世界初タイトル「A Piazzolla by Strings and Oboe」を入手
フツーのCDなのに中のデータはハイレゾ、魔法の様な新規格MQA-CDを知る
2017年03月29日 18時30分更新
CDの中に“ハイレゾ”音源を収録できる、しかも普通のCDプレーヤーでも再生可能。そんなちょっと驚く新フォーマット「MQA-CD」を使った世界初のアルバムが3月17日にリリースされた。
「A Piazzola by Strings and Oboe」(OTVA-0012)で、価格は2500円。演奏はUNAMAS Piazzolla Septetだ。高音質なハイレゾ音源の収録で有名なUNAMASレーベルの作品で、販売元はOTTAVA recordsとなる。

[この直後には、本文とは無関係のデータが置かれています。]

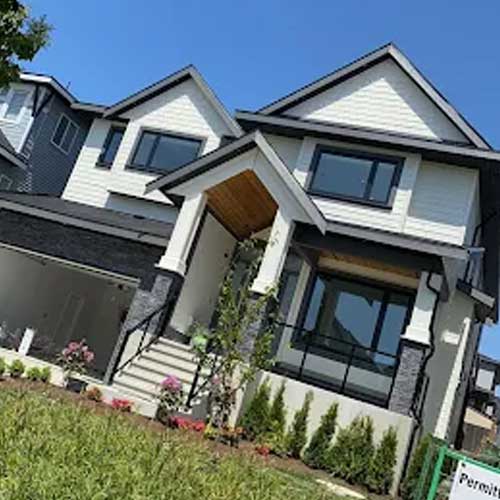 New build exterior — clean white finish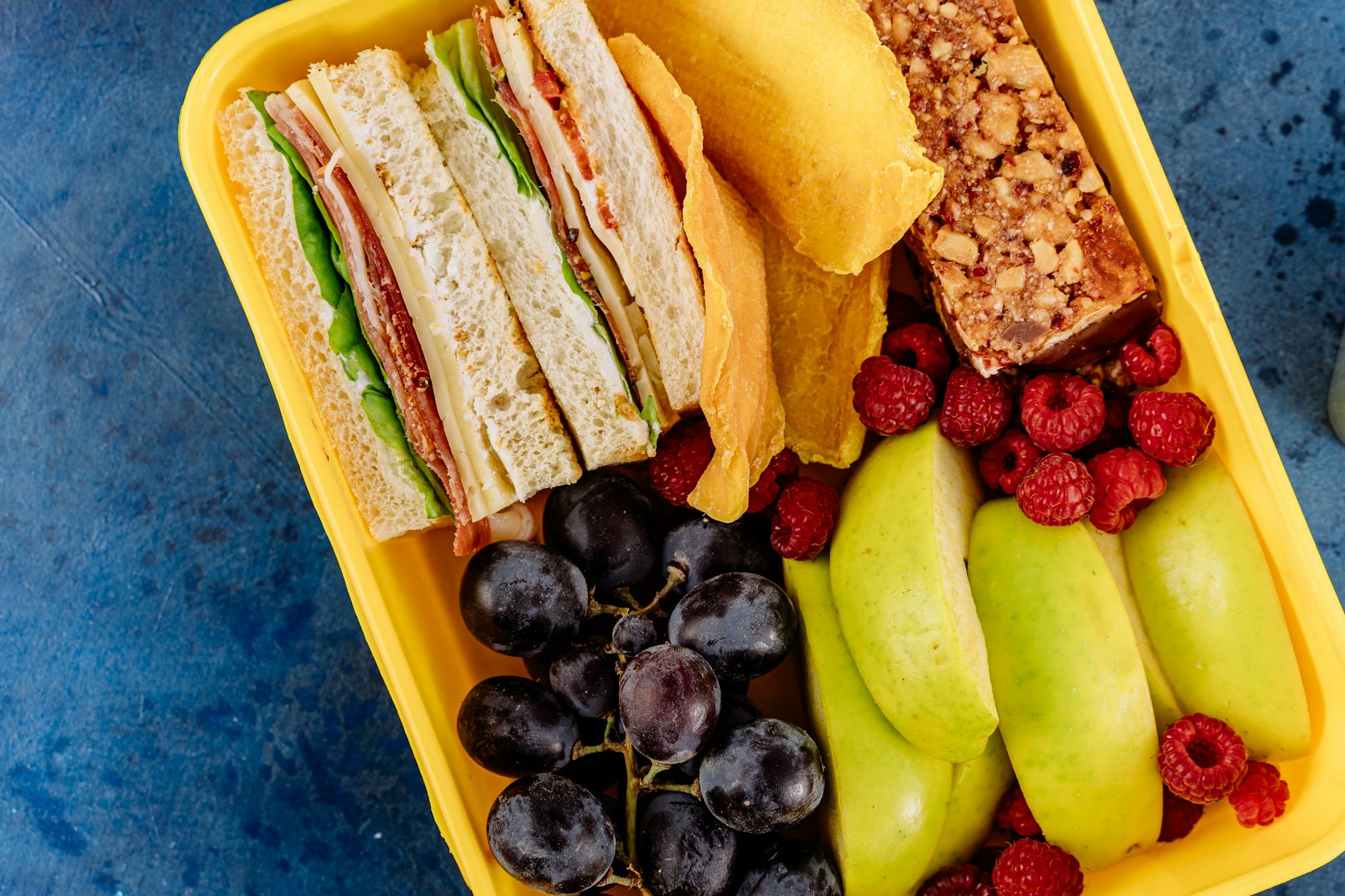 Vibrant lunchbox containing a sandwich, fresh fruits, and a snack bar, ideal for healthy meals. - healthy work lunch ideas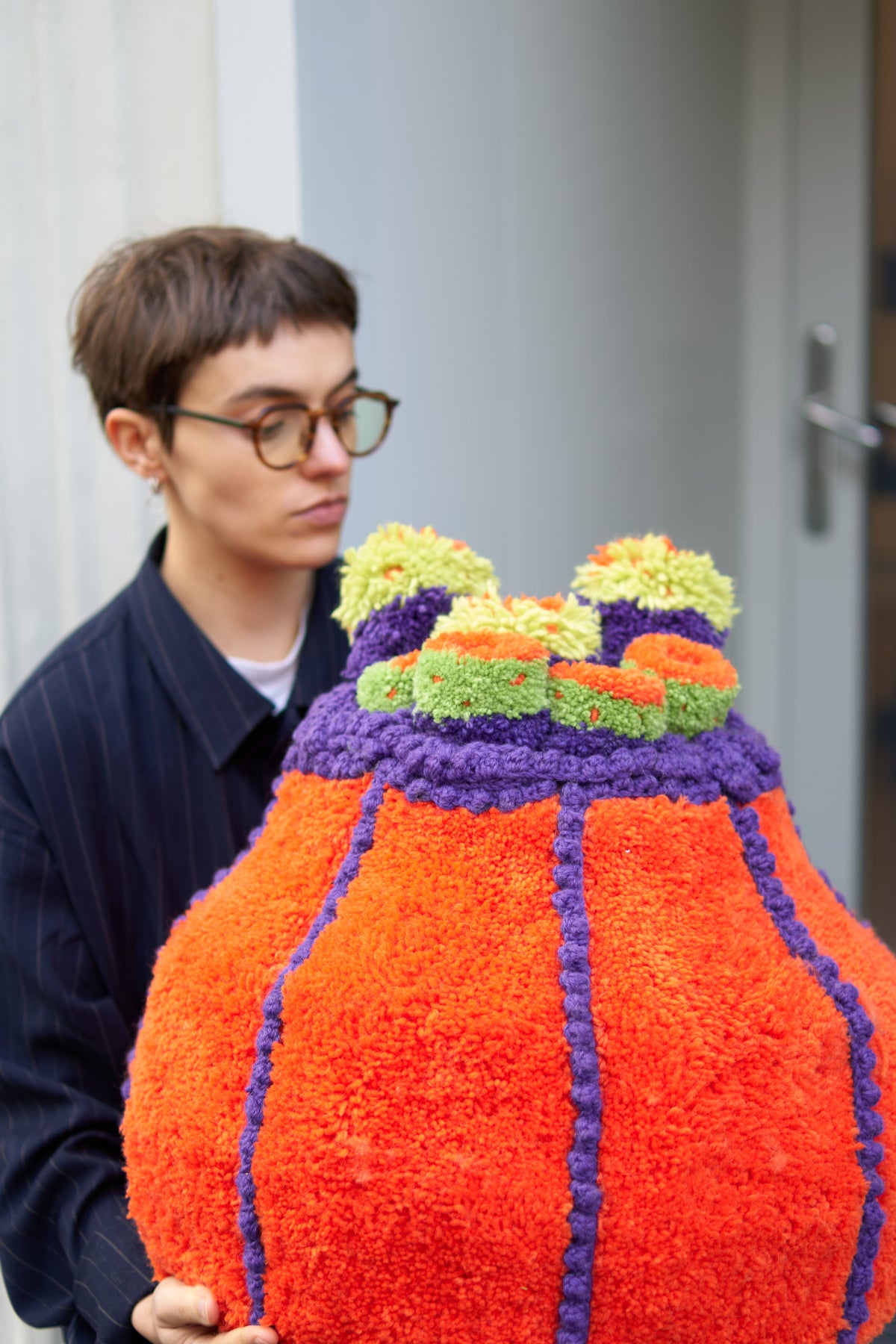 An upright, gourd-shaped textile sculpture featuring bright orange tufted vertical stripes. The top is crowned with textured, ruffled layers of purple and lime green wool. The artist is shown holding the piece in front of a modern storefront.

このCDの特徴は、普通のCDプレーヤーに掛ければ44.1kHz/16bitの品質で再生。さらにプレーヤーの光デジタル出力や同軸デジタル出力から、外部のD/Aコンバーターに接続するとハイレゾ品質(176.4kHz/24bitのMQAフォーマット)になるという魔法のような技術を使ったものだ。
MQAは配信自体を見据えた新しいハイレゾ音源
「MQAフォーマットとは何か? 耳慣れない」と思う人がいるかもしれない。
MQAとは“Master Quality Authenticated”の略で「マスター品質が認証されている」という意味。1Mbps程度の低いビットレートで、ハイレゾデータを提供でき、ハイレゾで音楽配信をする時代を見据えた、新しいフォーマットとして期待されている。
2014年に発表されたばかりの新しい技術だが、2015年ごろから国内でも話題を集めている。昨年からe-onkyo musicでの配信も始まり、オンキヨーの「DP-X1」など、MQA対応機器も少しずつ増えている状況だ。
“MQA対応機器”と書いたが、特筆したいのは「MQAでエンコードしたファイルは普通の機器でも再生できる」という点だ。実はここがMQAの肝となる部分で、MQAファイルはリニアPCM(WAV)のデータと互換性がある。つまり、MQAをハイレゾ品質にデコードしたい場合はMQA対応機器が必要だが、48kHz/24bitの品質でよければ、特別な変換処理なしにパソコンでも一般的なUSB DACでもそのまま再生できてしまうのだ。ここがFLACなど、既存のロスレスフォーマットと大きく異なる部分である。
MQAの特徴をCDに応用し、ハイレゾ再生を実現
A Piazzola by Strings and Oboeという作品(アルバム)自体は、すでにハイレゾ版の配信が始まっており、e-onkyo musicなどで入手可能だ。
そしてその録音をMQAでエンコードし、CDに収録した“世界初のCD”(MQA-CD盤)が登場した。2016年7月に日本音響エンジニアリング サウンド・ラボでサラウンド収録されたもので、MQA、FLAC、WAV形式のステレオ版のほかに、5.1chサラウンド版も配信されている。比較試聴してみるのも面白そうだ。
ハイレゾ品質の音楽データを保存したディスクメディアはこれまでも存在した。しかし、DVD-AudioやSACD、Blu-ray Audioなどでは、大容量ディスクを利用し、CDプレーヤー以外の機器で再生するのが基本だった。またハイブリッドSACDのように、一般的なCDプレーヤーでも再生できるディスクが存在するが、これは1枚のディスクにCD層とDSD層の2層を用意し、別々のデータを記録するものだ。
MQA-CDがこれらと根本的に仕組みが異なるのは、読みだすのは同じデータなのに「CDプレーヤーで再生すれば普通のCDとして再生」「同じプレーヤーからデジタル出力して外部のMQA対応DACで再生すればハイレゾ音源になる」点だ。
CDなのにハイレゾ品質の音源が収録できた理由は、すでに述べたようにMQAを採用するため。自宅のプレーヤーでも再生してみたが、確かに普通のCDプレーヤーでも問題なく音が出る。またCDからデジタル出力したデータはもちろんだが、CDからPCにリッピングしたデータもMQAファイルとして認識できた。
ちなみに、MQAデータの作成(エンコード)/再生(デコード)時には専用機器が必要だ。その細かな仕様も公開されていない。海外を中心に、いわばブラックボックス化された技術を使い、ハード・ソフトのライセンス料で収益を上げるビジネスである点を批判する声はある。
しかしエンコードしたデータさえあれば、MQA-CDを作る際に特別な配慮は不要だ。出来上がったデータを納品して、プレス工程に回す際の作業は普通のCDと変わりがない。この手軽さもここも大きなポイントになる。A Piazzola by Strings and Oboeの場合は、Pyramixのデータをそのまま納品したそうだ。